Looking forward to getting to know you!

Rose xx


----------



## shortie66

Cheers agate     U are an angel   

Funnily enough i have just sorted myself a book from a certain lady who has recently posted    

Ok whos Dr S       All these doctors, where are they all popping up from


----------



## agate

Pigloo said:


> Just wondered as me and DP using donor sperm due to MF will i be offered LIT?
> 
> Also as we are on a tight budget is it nec to have every single test done or are there main ones that we could have done?


You are unlikely to bother having LAD test or DQa tests because of using donor sperm... and for the same reason LIT is unlikely to be suggested to you - there is a discussion about why this is on the LIT FAQ on the immunology section.

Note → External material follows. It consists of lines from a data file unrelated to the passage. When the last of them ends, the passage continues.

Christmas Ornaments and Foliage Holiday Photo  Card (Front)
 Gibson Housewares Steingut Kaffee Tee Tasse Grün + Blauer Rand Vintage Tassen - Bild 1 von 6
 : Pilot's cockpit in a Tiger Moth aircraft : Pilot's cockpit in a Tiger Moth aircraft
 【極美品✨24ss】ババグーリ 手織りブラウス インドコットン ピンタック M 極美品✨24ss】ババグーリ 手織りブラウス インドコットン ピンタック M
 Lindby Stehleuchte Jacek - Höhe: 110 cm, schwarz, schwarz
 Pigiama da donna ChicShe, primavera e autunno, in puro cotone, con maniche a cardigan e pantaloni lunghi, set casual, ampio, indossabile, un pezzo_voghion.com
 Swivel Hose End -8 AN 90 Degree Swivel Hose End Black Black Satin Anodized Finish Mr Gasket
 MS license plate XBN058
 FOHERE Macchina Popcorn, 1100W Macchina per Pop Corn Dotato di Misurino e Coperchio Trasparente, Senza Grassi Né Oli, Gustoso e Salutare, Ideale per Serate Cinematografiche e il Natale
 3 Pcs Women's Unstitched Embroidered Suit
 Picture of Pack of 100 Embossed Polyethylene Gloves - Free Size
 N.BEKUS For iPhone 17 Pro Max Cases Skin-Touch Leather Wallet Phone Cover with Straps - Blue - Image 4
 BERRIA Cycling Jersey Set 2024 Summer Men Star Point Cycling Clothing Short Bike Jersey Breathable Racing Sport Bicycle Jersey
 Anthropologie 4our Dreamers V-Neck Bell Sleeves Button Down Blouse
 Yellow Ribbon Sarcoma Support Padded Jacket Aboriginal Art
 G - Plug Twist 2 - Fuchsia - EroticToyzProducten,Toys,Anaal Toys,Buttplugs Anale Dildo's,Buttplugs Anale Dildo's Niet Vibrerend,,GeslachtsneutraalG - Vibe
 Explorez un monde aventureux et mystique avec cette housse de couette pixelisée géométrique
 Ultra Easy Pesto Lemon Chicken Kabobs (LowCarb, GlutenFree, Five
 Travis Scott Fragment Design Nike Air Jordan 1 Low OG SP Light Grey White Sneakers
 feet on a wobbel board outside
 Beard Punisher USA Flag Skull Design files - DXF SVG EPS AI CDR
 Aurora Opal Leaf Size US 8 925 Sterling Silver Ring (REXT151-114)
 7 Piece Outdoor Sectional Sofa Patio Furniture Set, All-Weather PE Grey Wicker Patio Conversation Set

The main chicago tests are NK assay, cytokine ratio and inherited thrombophilias (LAD and DQa are normally included in the main tests - but don't really make sense to do for donor sperm) - I can't really think of any obvious circumstances where these tests would not be pretty important. When you see Dr G, he will go through your history and then recommend the tests he thinks you should have (then its up to you which ones you decide to go ahead with - so you can ask more questions about the tests he suggests to help you make up your mind)- although you will get better value from the appt if you read up first and go armed with questions because sometimes there are tests that might really help you but if you don't ask about them he might not mention them to you e.g,. if you have had multiple miscarriages you might want to think about karyotyping (but try and get your GP to do it to save the £), or chlamydia

Shortie: Dr S on here is usually Dr Sher at SIRM clinic in Las Vegas but I think Rose must mean Dr S h e h a t a (a pretty unpopular doc on FF - so much so that FF seems to delete his name - but I don't know the details). Dr B is Dr Beer (from the Beer centre, but deceased now). Dr T is either Dr Tsagaris in Athens (or sometimes people mean Dr Taranassi at ARGC london). Dr N is Dr Ndukwe at Care in Notts.

Rose: welcome.


----------



## shortie66

agate said:


> Shortie: Dr S on here is usually Dr Sher at SIRM clinic in Las Vegas but I think Rose must mean Dr S h e h a t a (a pretty unpopular doc on FF - so much so that FF seems to delete his name - but I don't know the details). Dr B is Dr Beer (from the Beer centre, but deceased now). Dr T is either Dr Tsagaris in Athens (or sometimes people mean Dr Taranassi at ARGC london). Dr N is Dr Ndukwe at Care in Notts.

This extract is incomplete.